## EXERCISE GOAL
One part of the entries below is wanted: the lines from the one containing "Black leather luggage" through the one containing "Close up of man holding sharp knife, peeling cucumber.". Write those out exactly and nothing else.
===== RECORD EXCERPTS =====
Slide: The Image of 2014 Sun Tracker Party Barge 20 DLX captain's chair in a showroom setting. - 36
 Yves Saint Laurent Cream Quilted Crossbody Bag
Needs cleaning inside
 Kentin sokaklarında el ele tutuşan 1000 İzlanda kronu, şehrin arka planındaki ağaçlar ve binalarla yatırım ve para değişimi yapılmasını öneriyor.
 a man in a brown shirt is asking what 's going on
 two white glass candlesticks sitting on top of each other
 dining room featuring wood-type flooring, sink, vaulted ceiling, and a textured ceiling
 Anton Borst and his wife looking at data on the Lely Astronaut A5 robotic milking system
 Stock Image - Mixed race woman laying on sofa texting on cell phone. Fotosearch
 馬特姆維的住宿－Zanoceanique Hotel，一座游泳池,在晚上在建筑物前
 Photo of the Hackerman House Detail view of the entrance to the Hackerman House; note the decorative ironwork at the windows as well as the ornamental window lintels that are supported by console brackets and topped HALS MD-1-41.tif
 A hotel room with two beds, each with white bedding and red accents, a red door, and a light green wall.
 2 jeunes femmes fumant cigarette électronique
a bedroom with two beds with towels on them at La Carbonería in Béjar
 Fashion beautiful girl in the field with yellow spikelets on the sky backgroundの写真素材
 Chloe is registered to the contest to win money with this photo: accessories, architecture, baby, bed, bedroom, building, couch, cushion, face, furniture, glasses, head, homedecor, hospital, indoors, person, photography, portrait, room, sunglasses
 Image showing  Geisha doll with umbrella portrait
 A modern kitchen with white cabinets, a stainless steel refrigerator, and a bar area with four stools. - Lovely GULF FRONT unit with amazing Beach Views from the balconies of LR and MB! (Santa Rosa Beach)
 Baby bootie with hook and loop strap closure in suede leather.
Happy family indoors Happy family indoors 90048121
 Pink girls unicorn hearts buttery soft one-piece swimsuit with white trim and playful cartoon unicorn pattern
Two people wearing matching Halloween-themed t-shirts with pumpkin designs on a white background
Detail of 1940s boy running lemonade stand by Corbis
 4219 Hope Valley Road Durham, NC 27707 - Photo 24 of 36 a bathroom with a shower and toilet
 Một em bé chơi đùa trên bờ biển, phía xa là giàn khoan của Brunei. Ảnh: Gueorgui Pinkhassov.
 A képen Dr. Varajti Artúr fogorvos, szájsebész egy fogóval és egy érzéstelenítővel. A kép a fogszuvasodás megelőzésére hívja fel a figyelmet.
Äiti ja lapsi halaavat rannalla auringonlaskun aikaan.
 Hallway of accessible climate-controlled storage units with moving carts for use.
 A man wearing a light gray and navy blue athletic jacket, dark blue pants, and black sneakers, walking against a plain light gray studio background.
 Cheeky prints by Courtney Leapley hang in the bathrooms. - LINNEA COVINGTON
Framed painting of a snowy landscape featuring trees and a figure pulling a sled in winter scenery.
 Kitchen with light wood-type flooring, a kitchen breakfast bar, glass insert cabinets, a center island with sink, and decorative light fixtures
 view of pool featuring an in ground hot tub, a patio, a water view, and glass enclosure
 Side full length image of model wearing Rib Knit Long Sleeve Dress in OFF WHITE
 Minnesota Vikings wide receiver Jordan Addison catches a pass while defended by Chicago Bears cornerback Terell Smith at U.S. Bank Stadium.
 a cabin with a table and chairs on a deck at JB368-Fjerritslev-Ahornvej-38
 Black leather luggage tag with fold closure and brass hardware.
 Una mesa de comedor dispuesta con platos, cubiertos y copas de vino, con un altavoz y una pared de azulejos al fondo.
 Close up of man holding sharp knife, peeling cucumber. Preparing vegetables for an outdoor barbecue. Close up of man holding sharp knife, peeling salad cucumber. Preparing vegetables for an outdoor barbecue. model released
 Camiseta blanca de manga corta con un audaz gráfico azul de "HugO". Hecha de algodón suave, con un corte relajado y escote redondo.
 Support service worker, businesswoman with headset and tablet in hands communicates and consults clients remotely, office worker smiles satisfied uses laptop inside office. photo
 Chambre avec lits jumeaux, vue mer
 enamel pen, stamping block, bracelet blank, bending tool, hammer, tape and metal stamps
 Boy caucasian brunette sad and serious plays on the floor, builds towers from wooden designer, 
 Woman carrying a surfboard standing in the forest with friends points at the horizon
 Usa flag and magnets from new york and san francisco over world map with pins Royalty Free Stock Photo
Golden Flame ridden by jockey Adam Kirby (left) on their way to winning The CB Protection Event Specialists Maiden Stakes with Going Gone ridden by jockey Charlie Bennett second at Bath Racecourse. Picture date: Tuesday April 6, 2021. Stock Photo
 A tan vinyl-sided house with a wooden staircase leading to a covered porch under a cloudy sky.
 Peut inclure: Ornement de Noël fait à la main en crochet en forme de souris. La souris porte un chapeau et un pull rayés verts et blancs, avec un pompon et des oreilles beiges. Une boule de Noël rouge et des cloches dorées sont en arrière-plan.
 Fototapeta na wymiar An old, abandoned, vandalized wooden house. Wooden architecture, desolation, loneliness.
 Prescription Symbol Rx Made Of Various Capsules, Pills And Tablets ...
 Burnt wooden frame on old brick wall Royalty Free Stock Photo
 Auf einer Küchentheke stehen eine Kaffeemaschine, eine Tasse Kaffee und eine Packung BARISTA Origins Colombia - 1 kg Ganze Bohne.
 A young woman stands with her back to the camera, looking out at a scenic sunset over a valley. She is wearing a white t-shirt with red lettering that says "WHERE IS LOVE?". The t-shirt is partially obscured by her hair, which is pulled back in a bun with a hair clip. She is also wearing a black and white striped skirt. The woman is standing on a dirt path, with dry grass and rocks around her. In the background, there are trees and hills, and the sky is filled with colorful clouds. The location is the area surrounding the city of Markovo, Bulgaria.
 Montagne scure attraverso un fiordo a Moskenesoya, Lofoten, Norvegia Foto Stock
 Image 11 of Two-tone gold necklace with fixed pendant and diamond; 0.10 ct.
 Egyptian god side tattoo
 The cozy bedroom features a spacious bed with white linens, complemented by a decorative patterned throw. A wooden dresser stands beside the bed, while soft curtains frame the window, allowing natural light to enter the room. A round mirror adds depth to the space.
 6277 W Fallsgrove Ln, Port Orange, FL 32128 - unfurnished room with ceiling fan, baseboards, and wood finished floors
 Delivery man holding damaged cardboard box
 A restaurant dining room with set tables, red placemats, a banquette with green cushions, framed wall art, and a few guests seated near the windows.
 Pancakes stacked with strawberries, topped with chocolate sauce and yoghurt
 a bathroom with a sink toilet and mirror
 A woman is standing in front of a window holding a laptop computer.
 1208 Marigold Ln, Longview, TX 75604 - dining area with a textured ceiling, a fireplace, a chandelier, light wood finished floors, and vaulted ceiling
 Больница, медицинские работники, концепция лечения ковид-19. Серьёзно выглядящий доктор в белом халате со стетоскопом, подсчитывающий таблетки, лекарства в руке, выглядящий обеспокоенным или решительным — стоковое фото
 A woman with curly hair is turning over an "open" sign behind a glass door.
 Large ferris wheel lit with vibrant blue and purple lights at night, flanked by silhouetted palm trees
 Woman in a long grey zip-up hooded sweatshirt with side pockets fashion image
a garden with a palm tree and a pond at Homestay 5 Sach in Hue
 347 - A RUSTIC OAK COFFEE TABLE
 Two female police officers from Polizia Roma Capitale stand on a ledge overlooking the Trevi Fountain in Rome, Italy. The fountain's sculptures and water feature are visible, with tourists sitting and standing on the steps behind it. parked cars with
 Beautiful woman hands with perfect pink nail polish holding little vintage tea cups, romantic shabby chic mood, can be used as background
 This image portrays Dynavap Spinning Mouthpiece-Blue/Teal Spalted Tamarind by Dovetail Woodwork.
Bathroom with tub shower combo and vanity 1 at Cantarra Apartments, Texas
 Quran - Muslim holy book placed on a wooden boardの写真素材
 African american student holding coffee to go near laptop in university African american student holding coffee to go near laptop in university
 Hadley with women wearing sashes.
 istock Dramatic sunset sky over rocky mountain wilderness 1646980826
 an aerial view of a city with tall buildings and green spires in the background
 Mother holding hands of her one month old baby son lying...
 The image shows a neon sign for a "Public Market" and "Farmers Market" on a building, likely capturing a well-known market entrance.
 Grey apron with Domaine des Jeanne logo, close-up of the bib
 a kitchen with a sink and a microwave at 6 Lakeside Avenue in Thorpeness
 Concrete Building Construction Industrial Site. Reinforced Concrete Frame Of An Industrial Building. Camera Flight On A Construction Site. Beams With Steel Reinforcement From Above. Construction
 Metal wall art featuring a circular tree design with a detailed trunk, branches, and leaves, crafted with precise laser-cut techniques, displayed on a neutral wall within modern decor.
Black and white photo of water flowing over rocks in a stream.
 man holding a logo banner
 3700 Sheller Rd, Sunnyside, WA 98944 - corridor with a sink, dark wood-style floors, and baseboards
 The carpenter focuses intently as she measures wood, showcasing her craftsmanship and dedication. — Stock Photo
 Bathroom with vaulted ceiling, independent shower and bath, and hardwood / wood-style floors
=====
## REPLY TO THE EXERCISE
 Black leather luggage tag with fold closure and brass hardware.
 Una mesa de comedor dispuesta con platos, cubiertos y copas de vino, con un altavoz y una pared de azulejos al fondo.
 Close up of man holding sharp knife, peeling cucumber. Preparing vegetables for an outdoor barbecue. Close up of man holding sharp knife, peeling salad cucumber. Preparing vegetables for an outdoor barbecue. model released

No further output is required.